**Your instructions**
In the records below, find the line containing "A diverse group" and the line containing "a living room"; please repeat exactly the lines from one to the other, both included, and nothing more.

**The records**
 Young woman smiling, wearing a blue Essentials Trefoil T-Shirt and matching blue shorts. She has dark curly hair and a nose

* * *

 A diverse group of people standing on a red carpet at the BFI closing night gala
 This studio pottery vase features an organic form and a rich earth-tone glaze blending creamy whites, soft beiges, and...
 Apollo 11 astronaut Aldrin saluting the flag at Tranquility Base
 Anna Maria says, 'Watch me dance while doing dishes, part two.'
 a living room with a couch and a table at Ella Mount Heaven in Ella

**Answer for this exercise**
 A diverse group of people standing on a red carpet at the BFI closing night gala
 This studio pottery vase features an organic form and a rich earth-tone glaze blending creamy whites, soft beiges, and...
 Apollo 11 astronaut Aldrin saluting the flag at Tranquility Base
 Anna Maria says, 'Watch me dance while doing dishes, part two.'
 a living room with a couch and a table at Ella Mount Heaven in Ella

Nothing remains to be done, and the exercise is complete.